> _WORK INSTRUCTION_
Take the material below and reproduce, word for word, only the lines from the line with "Balenciaga Runner Sneakers - Image 2" through the line with "Brixton Hubal C Np Mp Trucker Hat (Men&".

> _MATERIAL FOR THIS EXERCISE_

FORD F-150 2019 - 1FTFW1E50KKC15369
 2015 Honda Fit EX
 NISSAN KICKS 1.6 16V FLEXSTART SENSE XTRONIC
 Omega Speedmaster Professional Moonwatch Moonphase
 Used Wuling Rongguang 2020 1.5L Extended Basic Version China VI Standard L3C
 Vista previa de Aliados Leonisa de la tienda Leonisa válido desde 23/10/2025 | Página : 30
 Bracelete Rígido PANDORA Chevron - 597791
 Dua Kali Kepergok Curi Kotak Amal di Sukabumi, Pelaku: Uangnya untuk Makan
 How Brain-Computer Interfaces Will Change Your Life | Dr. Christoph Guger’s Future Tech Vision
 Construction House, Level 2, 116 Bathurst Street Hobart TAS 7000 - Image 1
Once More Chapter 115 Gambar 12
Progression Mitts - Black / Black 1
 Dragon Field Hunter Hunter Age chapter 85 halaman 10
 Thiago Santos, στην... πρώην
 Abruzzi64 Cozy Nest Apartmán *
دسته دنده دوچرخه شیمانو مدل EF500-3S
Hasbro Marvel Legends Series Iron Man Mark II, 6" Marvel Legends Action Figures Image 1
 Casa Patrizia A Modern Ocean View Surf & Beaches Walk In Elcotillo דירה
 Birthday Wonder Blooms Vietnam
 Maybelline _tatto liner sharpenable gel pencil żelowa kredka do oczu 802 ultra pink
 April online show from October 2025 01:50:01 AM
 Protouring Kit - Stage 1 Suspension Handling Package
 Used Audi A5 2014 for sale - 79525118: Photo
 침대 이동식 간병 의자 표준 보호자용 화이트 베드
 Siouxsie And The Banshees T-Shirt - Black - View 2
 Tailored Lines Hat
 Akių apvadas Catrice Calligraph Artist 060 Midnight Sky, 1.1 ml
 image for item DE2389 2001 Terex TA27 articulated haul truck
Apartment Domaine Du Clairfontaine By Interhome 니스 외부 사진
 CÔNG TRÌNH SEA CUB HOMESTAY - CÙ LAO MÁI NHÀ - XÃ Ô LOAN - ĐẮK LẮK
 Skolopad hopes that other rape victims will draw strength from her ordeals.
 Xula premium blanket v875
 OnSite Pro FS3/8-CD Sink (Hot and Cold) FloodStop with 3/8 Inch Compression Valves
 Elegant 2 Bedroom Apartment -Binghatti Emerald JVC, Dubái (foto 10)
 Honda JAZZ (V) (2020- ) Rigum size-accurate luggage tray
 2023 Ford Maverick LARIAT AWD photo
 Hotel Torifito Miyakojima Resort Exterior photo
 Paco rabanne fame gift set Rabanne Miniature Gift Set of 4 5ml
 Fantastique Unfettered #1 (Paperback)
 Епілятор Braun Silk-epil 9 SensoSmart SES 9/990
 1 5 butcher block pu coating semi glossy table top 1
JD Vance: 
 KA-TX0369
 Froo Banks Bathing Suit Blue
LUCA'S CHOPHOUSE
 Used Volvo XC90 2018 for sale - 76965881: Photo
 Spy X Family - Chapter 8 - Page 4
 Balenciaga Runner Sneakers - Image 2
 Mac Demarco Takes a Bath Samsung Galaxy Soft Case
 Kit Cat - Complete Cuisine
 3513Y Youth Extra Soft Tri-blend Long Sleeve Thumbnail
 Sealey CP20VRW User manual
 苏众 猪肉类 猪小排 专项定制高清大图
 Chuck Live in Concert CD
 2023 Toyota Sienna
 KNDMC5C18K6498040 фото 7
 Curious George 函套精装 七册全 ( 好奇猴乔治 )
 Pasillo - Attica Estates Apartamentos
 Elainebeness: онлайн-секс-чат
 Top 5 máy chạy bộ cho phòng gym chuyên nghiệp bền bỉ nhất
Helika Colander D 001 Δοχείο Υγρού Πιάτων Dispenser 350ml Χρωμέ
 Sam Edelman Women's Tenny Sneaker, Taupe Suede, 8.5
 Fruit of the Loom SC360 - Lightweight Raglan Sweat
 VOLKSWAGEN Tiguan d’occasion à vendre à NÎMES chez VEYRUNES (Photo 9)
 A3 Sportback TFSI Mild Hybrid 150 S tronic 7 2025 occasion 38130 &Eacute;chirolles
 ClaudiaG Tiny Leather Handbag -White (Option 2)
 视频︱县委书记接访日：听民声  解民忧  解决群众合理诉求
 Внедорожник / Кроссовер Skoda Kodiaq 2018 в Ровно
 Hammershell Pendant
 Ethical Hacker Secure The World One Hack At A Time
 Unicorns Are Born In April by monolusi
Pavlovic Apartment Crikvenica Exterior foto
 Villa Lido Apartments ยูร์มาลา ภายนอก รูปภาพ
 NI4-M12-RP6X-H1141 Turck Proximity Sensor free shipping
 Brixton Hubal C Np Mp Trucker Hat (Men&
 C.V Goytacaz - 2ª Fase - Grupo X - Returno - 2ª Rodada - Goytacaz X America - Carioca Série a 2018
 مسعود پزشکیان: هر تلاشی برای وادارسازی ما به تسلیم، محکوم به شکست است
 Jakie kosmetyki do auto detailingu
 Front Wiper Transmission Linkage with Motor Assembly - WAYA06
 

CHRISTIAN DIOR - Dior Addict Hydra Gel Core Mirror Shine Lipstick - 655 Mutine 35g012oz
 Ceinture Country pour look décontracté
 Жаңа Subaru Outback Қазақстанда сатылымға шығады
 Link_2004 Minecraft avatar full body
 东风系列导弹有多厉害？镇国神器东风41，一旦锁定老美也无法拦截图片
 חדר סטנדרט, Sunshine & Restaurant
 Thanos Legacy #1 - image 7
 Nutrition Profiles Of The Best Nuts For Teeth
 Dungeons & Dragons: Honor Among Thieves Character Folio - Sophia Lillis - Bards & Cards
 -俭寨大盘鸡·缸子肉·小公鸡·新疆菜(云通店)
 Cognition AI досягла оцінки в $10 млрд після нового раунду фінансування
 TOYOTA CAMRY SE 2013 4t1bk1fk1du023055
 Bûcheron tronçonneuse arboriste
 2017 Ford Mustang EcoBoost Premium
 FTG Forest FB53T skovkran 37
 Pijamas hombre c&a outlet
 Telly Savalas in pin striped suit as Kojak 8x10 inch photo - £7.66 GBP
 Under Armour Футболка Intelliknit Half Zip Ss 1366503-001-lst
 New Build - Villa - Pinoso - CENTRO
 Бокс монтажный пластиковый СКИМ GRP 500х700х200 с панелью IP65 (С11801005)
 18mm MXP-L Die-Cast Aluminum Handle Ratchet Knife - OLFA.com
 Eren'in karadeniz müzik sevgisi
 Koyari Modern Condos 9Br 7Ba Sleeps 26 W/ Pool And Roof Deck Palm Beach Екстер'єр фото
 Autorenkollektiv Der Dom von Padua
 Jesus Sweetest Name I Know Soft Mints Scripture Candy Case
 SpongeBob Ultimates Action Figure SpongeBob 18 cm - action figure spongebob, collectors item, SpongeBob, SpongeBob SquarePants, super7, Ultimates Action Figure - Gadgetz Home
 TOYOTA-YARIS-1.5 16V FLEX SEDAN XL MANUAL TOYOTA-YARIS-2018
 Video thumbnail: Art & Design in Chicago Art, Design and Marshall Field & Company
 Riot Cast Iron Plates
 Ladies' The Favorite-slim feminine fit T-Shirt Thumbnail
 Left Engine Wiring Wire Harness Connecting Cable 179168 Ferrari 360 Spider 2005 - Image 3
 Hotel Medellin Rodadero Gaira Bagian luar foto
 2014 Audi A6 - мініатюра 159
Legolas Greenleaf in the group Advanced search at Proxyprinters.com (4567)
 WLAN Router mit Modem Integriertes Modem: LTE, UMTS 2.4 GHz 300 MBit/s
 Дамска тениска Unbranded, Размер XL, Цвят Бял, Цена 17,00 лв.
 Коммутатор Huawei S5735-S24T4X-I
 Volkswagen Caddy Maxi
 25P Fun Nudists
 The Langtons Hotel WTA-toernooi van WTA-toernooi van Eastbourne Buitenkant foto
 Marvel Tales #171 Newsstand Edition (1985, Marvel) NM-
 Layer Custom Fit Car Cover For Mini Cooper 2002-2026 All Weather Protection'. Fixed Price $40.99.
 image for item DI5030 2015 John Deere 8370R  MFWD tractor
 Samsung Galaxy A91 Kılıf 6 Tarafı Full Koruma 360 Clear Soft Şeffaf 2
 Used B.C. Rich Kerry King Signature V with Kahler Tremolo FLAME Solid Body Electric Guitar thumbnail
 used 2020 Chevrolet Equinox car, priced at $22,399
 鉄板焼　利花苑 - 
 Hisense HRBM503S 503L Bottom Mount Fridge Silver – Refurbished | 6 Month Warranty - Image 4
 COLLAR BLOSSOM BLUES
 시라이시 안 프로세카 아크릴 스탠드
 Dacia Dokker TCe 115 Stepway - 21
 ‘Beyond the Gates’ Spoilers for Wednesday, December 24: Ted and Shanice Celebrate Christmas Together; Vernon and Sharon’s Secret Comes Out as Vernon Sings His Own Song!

> _RESULT_
 Balenciaga Runner Sneakers - Image 2
 Mac Demarco Takes a Bath Samsung Galaxy Soft Case
 Kit Cat - Complete Cuisine
 3513Y Youth Extra Soft Tri-blend Long Sleeve Thumbnail
 Sealey CP20VRW User manual
 苏众 猪肉类 猪小排 专项定制高清大图
 Chuck Live in Concert CD
 2023 Toyota Sienna
 KNDMC5C18K6498040 фото 7
 Curious George 函套精装 七册全 ( 好奇猴乔治 )
 Pasillo - Attica Estates Apartamentos
 Elainebeness: онлайн-секс-чат
 Top 5 máy chạy bộ cho phòng gym chuyên nghiệp bền bỉ nhất
Helika Colander D 001 Δοχείο Υγρού Πιάτων Dispenser 350ml Χρωμέ
 Sam Edelman Women's Tenny Sneaker, Taupe Suede, 8.5
 Fruit of the Loom SC360 - Lightweight Raglan Sweat
 VOLKSWAGEN Tiguan d’occasion à vendre à NÎMES chez VEYRUNES (Photo 9)
 A3 Sportback TFSI Mild Hybrid 150 S tronic 7 2025 occasion 38130 &Eacute;chirolles
 ClaudiaG Tiny Leather Handbag -White (Option 2)
 视频︱县委书记接访日：听民声  解民忧  解决群众合理诉求
 Внедорожник / Кроссовер Skoda Kodiaq 2018 в Ровно
 Hammershell Pendant
 Ethical Hacker Secure The World One Hack At A Time
 Unicorns Are Born In April by monolusi
Pavlovic Apartment Crikvenica Exterior foto
 Villa Lido Apartments ยูร์มาลา ภายนอก รูปภาพ
 NI4-M12-RP6X-H1141 Turck Proximity Sensor free shipping
 Brixton Hubal C Np Mp Trucker Hat (Men&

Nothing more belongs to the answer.